Array processors such as the Altivec do indeed provide a performance boost, but as we've seen from the discussion on memory usage, many IRAF tasks don't process really large arrays that would offset the overhead of restructuring the data so specialized routines could be used. In more recent times, the focus has been on whether GPU processing power could be applied and the answer (given without any actual testing to back it up) is that again we would probably need to restructure applications to make optimal use of the hardware.

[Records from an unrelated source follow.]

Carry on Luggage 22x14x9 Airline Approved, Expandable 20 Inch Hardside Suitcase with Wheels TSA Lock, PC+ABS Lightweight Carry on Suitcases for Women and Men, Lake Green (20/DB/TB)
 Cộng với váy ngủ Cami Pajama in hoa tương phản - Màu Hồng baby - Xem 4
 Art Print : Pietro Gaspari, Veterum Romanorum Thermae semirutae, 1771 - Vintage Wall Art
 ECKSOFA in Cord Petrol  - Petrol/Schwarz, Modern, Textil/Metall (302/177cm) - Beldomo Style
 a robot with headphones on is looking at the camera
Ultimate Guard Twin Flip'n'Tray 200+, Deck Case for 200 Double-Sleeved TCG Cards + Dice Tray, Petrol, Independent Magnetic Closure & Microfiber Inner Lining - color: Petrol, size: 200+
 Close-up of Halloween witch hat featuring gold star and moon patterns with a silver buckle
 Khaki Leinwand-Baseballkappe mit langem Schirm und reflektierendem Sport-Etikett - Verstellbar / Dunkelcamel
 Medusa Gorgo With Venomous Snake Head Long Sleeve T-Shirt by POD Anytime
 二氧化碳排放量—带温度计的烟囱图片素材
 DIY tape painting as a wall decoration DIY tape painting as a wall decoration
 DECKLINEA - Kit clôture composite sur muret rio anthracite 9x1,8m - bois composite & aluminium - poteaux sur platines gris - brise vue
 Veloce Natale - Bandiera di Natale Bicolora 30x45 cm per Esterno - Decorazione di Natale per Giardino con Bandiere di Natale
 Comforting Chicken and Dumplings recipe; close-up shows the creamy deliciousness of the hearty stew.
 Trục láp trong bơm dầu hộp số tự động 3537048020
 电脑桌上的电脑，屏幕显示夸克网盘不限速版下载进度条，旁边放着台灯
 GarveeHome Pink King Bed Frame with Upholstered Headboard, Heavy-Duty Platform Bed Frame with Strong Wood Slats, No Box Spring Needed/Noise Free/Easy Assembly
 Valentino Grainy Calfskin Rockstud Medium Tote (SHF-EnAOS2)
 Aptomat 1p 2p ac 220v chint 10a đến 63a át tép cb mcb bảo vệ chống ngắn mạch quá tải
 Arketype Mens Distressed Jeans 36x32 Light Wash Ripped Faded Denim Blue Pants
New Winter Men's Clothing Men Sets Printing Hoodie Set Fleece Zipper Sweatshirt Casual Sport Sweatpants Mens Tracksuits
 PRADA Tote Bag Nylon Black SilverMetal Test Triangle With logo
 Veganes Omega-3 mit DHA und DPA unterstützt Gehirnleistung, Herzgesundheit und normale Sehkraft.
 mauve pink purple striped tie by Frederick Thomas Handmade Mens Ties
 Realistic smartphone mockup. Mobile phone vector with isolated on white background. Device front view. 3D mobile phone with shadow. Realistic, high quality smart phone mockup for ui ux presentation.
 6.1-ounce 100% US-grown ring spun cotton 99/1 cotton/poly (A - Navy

These solutions also don't work as well for general-purpose code where platform portability is a concern. For a systematic enhancement we can look at various compiler options, especially for PC systems we have a choice of either the free GCC-based compilers or commercial alternatives. (While not presented here in detail, an evaluation of the Intel compiler was examined and though it showed overall better performance for general Fortran code, porting IRAF to this compiler was more effort than we wanted to expend for a simple test).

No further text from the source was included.